Protecting What Matters: The Critical Importance of EV Fire Safety in Australia's Growing Electric Future

Australia stands at the forefront of an electric vehicle revolution. With EV sales reaching 85,319 units by September 2024 and now accounting for 9.5% of all new car sales—a significant increase from 8.4% in 2023—our roads are transforming rapidly (Fire Extinguisher Online Australia, 2024). Yet as we embrace this cleaner, more sustainable future, a critical question emerges: Are we prepared for the unique fire safety challenges that come with lithium-ion battery technology?

Understanding the Real Risk: Facts Over Fear

Let's address the elephant in the room. Despite sensational headlines, research demonstrates that electric vehicles are actually significantly safer than their petrol-powered counterparts when it comes to fire risk. Data from the Swedish Civil Contingencies Agency indicates EVs are approximately 20 times less likely to catch fire compared to traditional internal combustion engine vehicles (Electric Vehicle Council, 2024).

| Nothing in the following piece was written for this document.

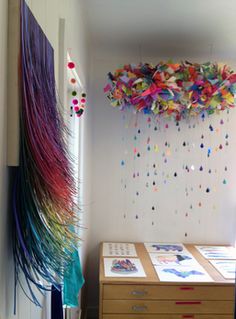 the room is decorated with colorful streamers hanging from the ceiling and on the wall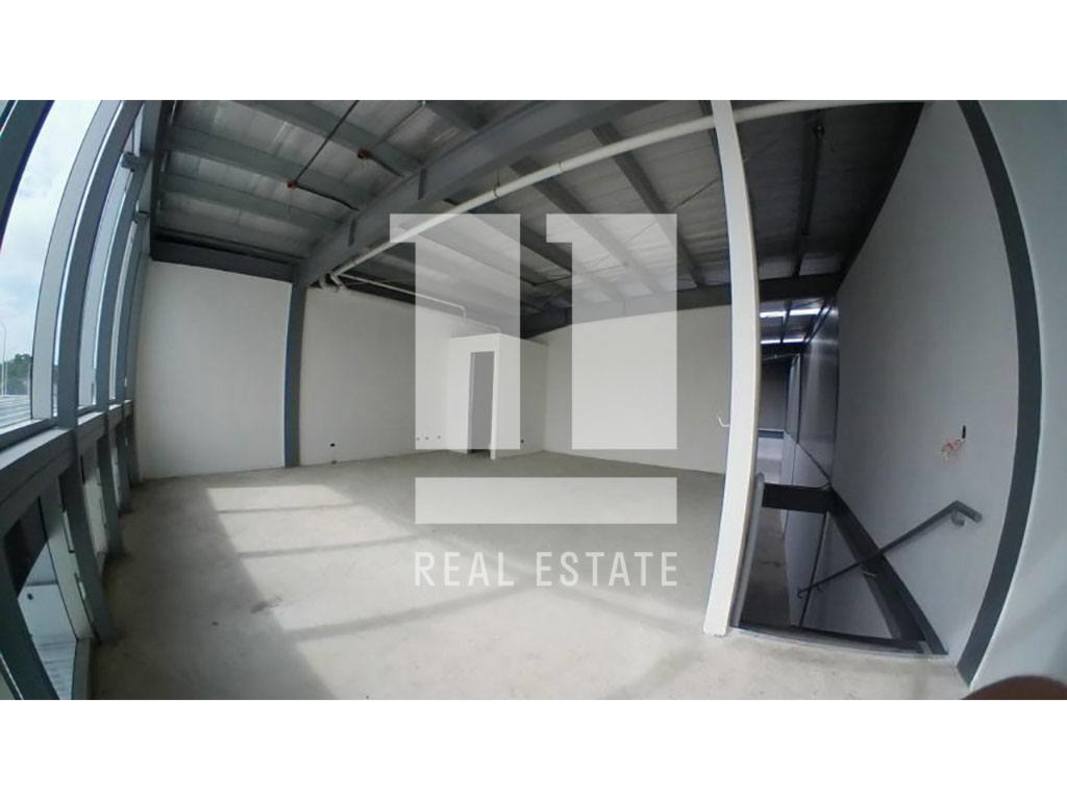 Second level mezzanine office space with glass wall overlooking warehouse floor in Panama Viejo Business Center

In Australia, the statistics are even more reassuring. According to research funded by the Australian Department of Defence, there have been only six verified EV battery fires in Australia since 2010 out of more than 180,000 EVs on the road (MYNRMA, 2024). None of these incidents were spontaneous, related to charging, or caused explosions. Instead, they resulted from external factors such as arson, external structure fires, collisions, and road debris.

To put this in perspective, Fire and Rescue NSW responds to approximately seven petrol or diesel vehicle fires every single day in New South Wales alone (Owen Consulting Network, 2024).

The Broader Lithium-Ion Challenge

While EVs themselves present minimal fire risk, the broader landscape of lithium-ion battery devices tells a different story—and this is where Australian families and businesses must pay attention.

Fire and Rescue NSW reported attending 456 lithium-ion battery fires during 2022-2023 (MYNRMA, 2024). However, only three of these incidents involved electric vehicles. The real culprits were e-mobility devices like e-bikes and e-scooters (90 incidents), battery chargers (46 incidents), and energy storage batteries (37 incidents).

More recent data paints an even more concerning picture. In 2024, Fire and Rescue NSW recorded 63 lithium-ion battery fires at a rate of 5.7 blazes per week, injuring seven people—an increase from 272 fires in 2023 (EV Fire Solutions, 2025b). Western Australia experienced a lithium-ion battery fire almost every second day in 2024, making it the worst year on record (EV Fire Solutions, 2025b).

What Makes Lithium-Ion Battery Fires Different?

Understanding the unique characteristics of lithium-ion battery fires is essential for proper preparation. These fires behave fundamentally differently from traditional fires, presenting challenges that standard fire safety equipment cannot adequately address.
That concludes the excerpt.